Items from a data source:
++++

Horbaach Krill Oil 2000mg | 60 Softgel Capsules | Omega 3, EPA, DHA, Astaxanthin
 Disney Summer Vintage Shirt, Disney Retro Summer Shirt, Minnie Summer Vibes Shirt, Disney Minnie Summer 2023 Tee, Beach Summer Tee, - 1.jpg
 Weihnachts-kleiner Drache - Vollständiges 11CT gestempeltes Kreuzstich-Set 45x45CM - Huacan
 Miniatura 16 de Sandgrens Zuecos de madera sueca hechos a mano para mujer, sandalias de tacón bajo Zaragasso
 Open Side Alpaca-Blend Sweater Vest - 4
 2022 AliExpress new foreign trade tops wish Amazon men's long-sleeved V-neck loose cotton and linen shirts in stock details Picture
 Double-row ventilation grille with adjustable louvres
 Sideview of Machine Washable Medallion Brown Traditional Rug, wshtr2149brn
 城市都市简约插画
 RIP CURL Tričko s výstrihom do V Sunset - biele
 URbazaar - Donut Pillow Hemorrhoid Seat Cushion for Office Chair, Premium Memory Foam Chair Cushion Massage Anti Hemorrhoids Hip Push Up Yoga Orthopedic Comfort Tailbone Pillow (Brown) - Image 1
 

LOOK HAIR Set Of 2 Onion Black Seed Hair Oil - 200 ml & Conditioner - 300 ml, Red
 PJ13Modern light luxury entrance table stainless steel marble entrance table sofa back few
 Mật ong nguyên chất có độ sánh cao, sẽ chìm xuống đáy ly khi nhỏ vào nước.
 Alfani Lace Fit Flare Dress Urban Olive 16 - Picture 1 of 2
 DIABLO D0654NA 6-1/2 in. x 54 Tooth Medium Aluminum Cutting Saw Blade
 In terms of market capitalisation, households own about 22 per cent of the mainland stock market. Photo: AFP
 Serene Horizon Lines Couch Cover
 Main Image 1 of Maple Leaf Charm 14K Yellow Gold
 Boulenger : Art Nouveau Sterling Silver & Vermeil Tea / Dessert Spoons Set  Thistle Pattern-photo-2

++++

__WORK INSTRUCTIONS__: Lines containing the word "Image": how many are there in the data above? Reply with only that number.

__OUTPUT FOR THIS TASK__: 2